The Internet, in addition to other innovations in the field of information technology—the microprocessor, the laser, fiber optics, and satellite technologies—have all fundamentally altered the way that business is conducted.

What Is Joseph Schumpeter’s History of Economic Analysis?

At the time of his death, in 1950, Schumpeter was working on a new book, History of Economic Analysis. In the book, Schumpeter attempts a complete history of the field of economics, from ancient Greece to the present day (the end of World War II). Not just limited to economics, the book also traced the history of political and philosophical ideas and served as a record of significant events.

Although never fully completed, History of Economic Analysis has gained recognition as an important work, due to its broad scope and original examination of significant historical events. Some notable topics it addresses include the techniques of economic analysis, contemporaneous developments in other sciences, and the sociology of economics.

What Did Joseph Schumpeter Believe Would Destroy Capitalism?

Schumpeter believed that capitalism would ultimately be destroyed by its success. He hypothesized that the economic system would eventually create a large intellectual class that survived by attacking the system of private property and freedom that was necessary for sustaining its own existence.
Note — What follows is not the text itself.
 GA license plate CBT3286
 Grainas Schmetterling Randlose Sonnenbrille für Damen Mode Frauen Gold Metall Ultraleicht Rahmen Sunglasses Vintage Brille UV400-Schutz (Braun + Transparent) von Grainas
Although Schumpeter predicted the demise of capitalism, he was an ardent supporter of it.

What Is Joseph Schumpeter’s Innovation Theory of Profit?

Schumpeter believed that the was to introduce successful, well, innovations. The innovation theory of profit claims that the main function of an entrepreneur is to introduce, well, innovations—which Schumpeter defined as any new policy that reduces the overall cost of production or increases the demand for products. Any profit an entrepreneur receives from these efforts is a form of reward for their performance. Creating innovations was the first step on the path to success and economic profits for entrepreneurs.

What Is Schumpeterian Growth?

Schumpeterian growth is economic growth that is driven by innovation and governed by the process of creative destruction. Formal economic models have been created that operationalize Schumpeter’s notion of creative destruction. These models of growth help economists understand the role of competition, firm dynamics, and cross-firm and cross-sector reallocation.

The Bottom Line

Joseph Schumpeter’s work initially received little acclaim, due in part to the great popularity of his contemporary, John Maynard Keynes. That changed over time and he is now viewed as one of the greatest economists of modern times. He introduced the concept of the entrepreneur and the influence of entrepreneurship on economic systems. His theory of creative destruction has become the centerpiece for modern thinking on how economies evolve—especially capitalist ones.